A livello comunitario deve osservare i seguenti impegni:

• Durante il mese di novembre, partecipazione alla Santa Messa di suffragio per tutti i Confratelli e Consorelle defunti.
• In caso di infermità di un associato, impegnarsi a visitarlo.
• In caso di decesso, il Primicerio, accompagnato dai confratelli che lo desiderano, si recherà, la sera prima delle esequie, nella casa del defunto per recitare in suo suffragio il S.Rosario.
• Per il Confratello defunto sarà affisso un manifesto di partecipazione al lutto della famiglia.
• Partecipazione ai festeggiamenti in onore della Madonna di Loreto, nei giorni 9-10 dicembre.
• Adozione a distanza di un bambino.
• Le persone iscritte ad altre Confraternite possono partecipare a tutte le manifestazioni proprie della nostra Confraternita, ma sempre senza diritto di voto, attivo e passivo.
• I componenti del Consiglio sono sei più il Priore.
• La quota di partecipazione alla Confraternita, fissata per anno dall’assemblea, è da versare entro la festa di S.Sisto di Gennaio.

(Regolamento approvato dall’Assemblea Generale il 9 /5/1999)

La Confraternita di S.Sisto ha inoltre collaborato alla restaurazione della chiesetta dedicata alla Madonna di Loreto, dei due portoni laterali della Concattedrale di S.Paolo, dello Scanno delle Autorità, della macchina di S.Sisto e alla ripulitura delle pedane degli Altari centrale e laterali della suddetta Chiesa. Da sottolineare il contributo per l’istallazione di un nuovo impianto di diffusione, i lavori nella sacrestia e il restauro di tutto l’espositorio del Baldi. Naturalmente le attività e i contributi della Confraternita sono vari e le opere ed iniziative qui citate, sono solo alcune di quelle realizzate. Su proposta del Comune, ogni anno la Confraternita realizza i festeggiamenti civili per la festa del Patrono.
Nell’anno 2002, è stata curata e realizzata una mostra nel 750° anniversario della venuta delle Reliquie di S.Sisto da Roma ad Alatri. Attualmente, si sta procedendo alla restaurazione della Cappella dedicata a S.Sisto, edificata nel 1932 all’interno della Concattedrale. La Confraternita ha sempre partecipato ai vari Cammini di Fraternità diocesani e nazionali, che si svolgono ogni anno.

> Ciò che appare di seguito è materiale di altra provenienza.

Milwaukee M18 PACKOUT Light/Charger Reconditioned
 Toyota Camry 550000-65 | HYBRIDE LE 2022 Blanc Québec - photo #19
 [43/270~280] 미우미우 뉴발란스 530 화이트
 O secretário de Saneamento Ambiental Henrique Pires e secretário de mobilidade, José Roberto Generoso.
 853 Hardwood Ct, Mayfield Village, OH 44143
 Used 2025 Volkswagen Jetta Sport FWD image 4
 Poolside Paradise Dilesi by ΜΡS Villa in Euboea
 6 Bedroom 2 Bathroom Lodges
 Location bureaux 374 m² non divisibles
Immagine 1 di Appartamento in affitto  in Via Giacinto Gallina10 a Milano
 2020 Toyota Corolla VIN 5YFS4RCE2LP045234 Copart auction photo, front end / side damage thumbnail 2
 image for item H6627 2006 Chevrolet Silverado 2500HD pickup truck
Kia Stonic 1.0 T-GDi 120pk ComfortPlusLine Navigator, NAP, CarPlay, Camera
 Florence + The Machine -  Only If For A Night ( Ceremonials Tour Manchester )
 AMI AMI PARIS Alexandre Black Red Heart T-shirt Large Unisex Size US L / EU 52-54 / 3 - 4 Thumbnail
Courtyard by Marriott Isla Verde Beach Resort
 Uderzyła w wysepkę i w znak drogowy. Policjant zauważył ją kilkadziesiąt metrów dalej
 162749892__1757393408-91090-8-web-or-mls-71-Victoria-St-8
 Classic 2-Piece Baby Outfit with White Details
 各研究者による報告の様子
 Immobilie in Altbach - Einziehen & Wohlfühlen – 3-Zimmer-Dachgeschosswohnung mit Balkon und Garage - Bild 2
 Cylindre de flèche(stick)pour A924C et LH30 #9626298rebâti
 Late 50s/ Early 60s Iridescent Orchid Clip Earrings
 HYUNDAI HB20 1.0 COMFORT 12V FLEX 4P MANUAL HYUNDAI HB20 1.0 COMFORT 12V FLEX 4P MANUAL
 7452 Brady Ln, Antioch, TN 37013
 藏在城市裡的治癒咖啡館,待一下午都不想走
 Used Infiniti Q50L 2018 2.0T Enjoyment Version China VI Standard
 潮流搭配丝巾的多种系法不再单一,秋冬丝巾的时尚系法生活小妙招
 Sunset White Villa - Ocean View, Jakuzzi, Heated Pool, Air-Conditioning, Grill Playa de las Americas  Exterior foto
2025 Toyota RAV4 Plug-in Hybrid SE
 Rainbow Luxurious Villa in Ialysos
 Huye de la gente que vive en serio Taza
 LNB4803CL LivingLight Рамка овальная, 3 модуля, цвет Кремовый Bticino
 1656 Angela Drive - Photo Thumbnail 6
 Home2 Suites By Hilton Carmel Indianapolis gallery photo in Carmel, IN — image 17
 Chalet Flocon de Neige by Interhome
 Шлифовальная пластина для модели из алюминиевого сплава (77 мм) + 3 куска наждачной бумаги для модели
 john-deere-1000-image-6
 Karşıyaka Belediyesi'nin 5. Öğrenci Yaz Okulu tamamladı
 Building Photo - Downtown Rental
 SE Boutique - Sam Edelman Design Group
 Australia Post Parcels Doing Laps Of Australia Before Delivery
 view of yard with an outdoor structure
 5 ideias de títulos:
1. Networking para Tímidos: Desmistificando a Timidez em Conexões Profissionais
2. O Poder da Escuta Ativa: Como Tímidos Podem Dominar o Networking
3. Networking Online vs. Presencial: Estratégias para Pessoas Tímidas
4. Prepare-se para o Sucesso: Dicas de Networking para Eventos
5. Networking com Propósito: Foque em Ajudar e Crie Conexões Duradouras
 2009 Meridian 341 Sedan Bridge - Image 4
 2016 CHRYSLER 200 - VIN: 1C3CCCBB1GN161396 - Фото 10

La chiesetta della Madonna di Loreto

La chiesetta è stata costruita nel 1642 da Giovanni Antonio Marra, probabilmente per sciogliere un voto fatto in occasione di un pellegrinaggio a Loreto. La costruzione fu terminata nel 1643.
Nel 1869 vennero eseguiti lavori per abbassare l’ingresso ed il piano interno, a seguito della sistemazione stradale di via del Colle. Nel 1943/44 a seguito di bombardamenti anglo-americani la chiesetta venne distrutta, rimasero in piedi solo le mura perimetrali.
Nel 1990 la Confraternita di S.Sisto e la Parrocchia di S.Paolo, come atto di devozione verso la Beata Vergine di Loreto e per restituire alla città un edificio di notevole interesse artistico, decisero di acquistare e restaurare la chiesetta. Nel 1992 furono eseguiti i lavori, dopo aver avuto un nulla osta dalla Soprintendenza per i beni ambientali e architettonici del Lazio. Per far fronte alle ingenti spese vennero raccolte offerte tra i confratelli e le consorelle, nonché dai devoti della città e si ottenne anche un contributo dall’amministrazione provinciale di Frosinone. Nei giorni 9 e 10 dicembre 1992 fu festeggiata la Madonna di Loreto, benedetta la chiesetta con una Messa officiata dal Vescovo Luigi Belloli ed ebbe luogo una processione aux flambeaux per portare la nuova statua della Madonna presso il restaurato edificio.

In occasione della benedizione della chiesa venne affissa sulla parete la seguente iscrizione:

1642-1992

A 350 anni dalla edificazione da parte di Antonio Marra
La Ven. Confraternita di S.Sisto I° P.M.
e la parrocchia di S. Paolo ap.
con il contributo di molti devoti
ricostruirono questa chiesetta dedicata alla Beata Vergine di Loreto
distrutta durante il secondo conflitto mondiale.
Benedetta da mons. Luigi Belloli
per rinvigorire la devozione del popolo verso la santa famiglia di Nazareth,
modello e protettrice di tutte le famiglie cristiane

Alatri, 9-10 dicembre 1992

Una curiosità: si pensa che proprio dove sorge adesso la chiesetta sia avvenuto, nel lontano 1227, il Miracolo eucaristico dell’Ostia Incarnata.